**Lesson Plans available** The present volume is a sequel to “FIRST YEAR LATIN” and is intended to be accompanied by “LATIN GRAMMAR.” The backbone of this second-year course consists in intensive linguistic study, both in the Latin text and in English exercises based on the text. Excursions into backgrounds are reduced to a minimum; training, not information, is the aim and object.
Teachers will find that, despite the varying backgrounds and abilities of students and the forgetfulness consequent upon a summer’s vacation, “SECOND YEAR LATIN” can be used effectively with all types of students who used “FIRST YEAR LATIN” in freshman year. In organizing the textbook the author had in mind procedures that would meet the needs of all.
It will be noted that the Latin text in Part II (pages 17-265) is graded in difficulty to suit the students’ gradual advancement in the learning of the language. The first book, The Helvetian Drive to the West, has been somewhat simplified and is printed in sentence units.
Classes of superior students who completed all the units in “FIRST YEAR LATIN” can begin at once to read the Caesar in “SECOND YEAR LATIN.” It may be desirable to review the material found in the first sixteen lessons of Part IV, Exercises Based on Caesar, but this can ordinarily be done rapidly.
The first sixteen lessons of Part IV (pages 305-394) are designed to meet the needs of classes that did not complete all the units in “FIRST YEAR LATIN” (many classes are satisfied to have completed seven) or for whom an intensive review of forms and of elementary syntax is necessary. One method of proceeding with such classes is to read no Caesar whatsoever until the first sixteen lessons have been studied. The reading of the text of Caesar begins with Lesson 17, page 395. Even if the first sixteen lessons are studied very thoroughly, this point should ordinarily have been reached by the close of the first quarter of the school year.

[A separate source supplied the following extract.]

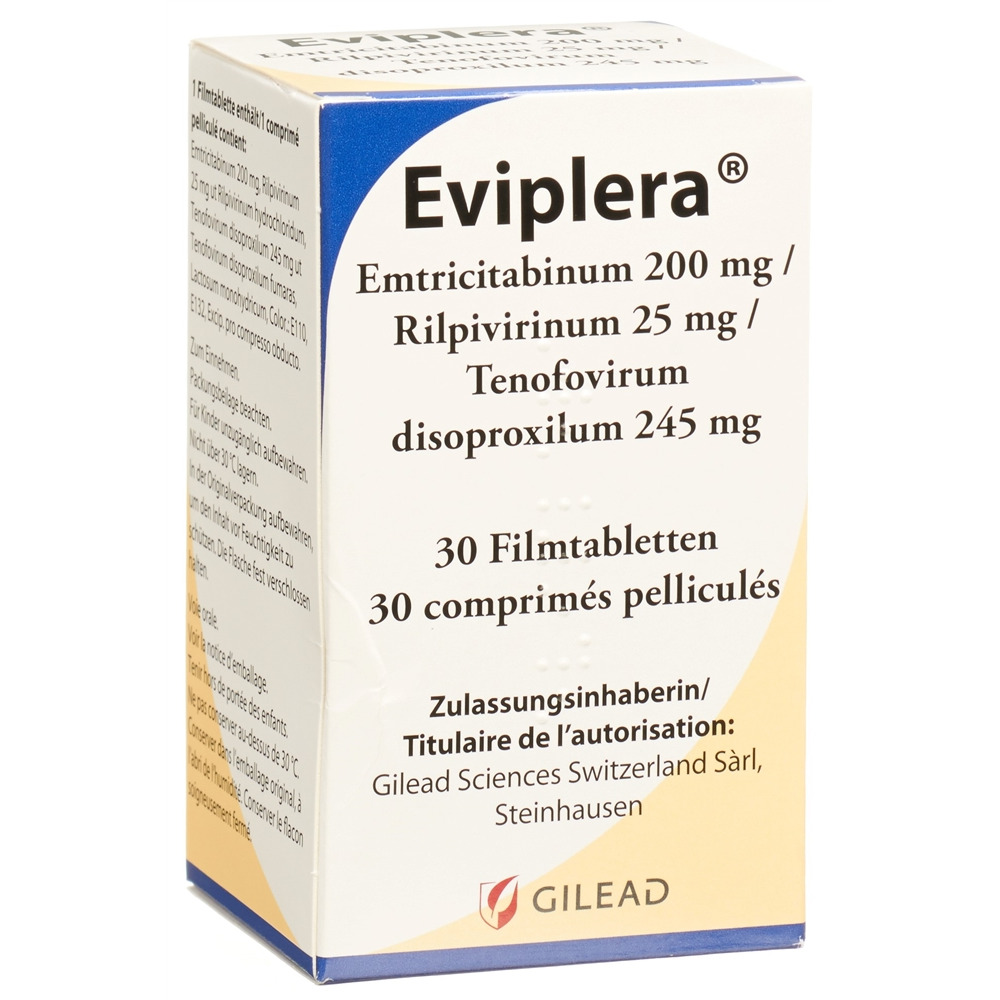 EVIPLERA cpr pell 200mg/25mg/245mg bte 30 pce, image principale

Many teachers, however, prefer to start the reading of Caesar at the beginning of second year and to conduct at the same time the reviews necessary for the understanding of the text. It is suggested that the material of the first sixteen lessons, which contain fundamental vocabularies and grammar, be taken while proceeding very slowly with the text.

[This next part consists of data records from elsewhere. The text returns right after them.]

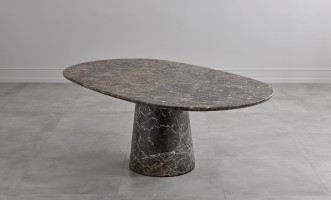 Uno Dark Emperador oval dining table M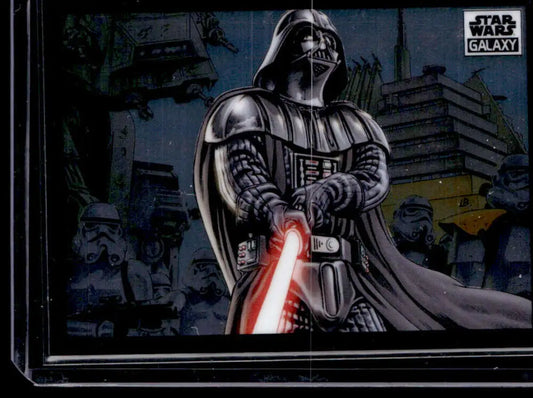 Darth Vader with ignited red lightsaber in Topps Chrome Star Wars collectible image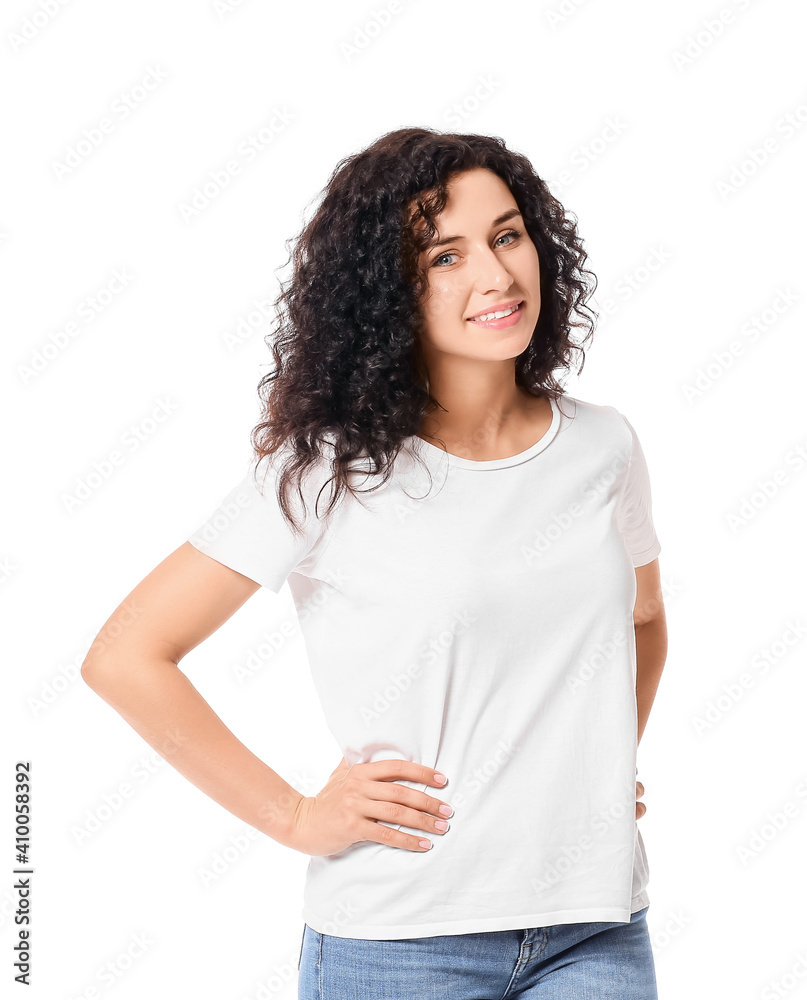 Portrait of young woman on white background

Since vocabulary is of such importance in the study of a language, the author has provided in “SECOND YEAR LATIN” a recognition review of “words to remember” (pages 546-550) and a classified word list of the vocabularies presented in first and second years (pages 551-584). A workbook entitled “LATIN PROGRESS TESTS, SECOND YEAR,” is designed to help discover the strong and weak points of individual students and to provide additional review. Each lesson of the workbook is divided into sections that check the student’s reading ability and his knowledge of syntax, forms, and vocabulary.
Softcover, 640 pages.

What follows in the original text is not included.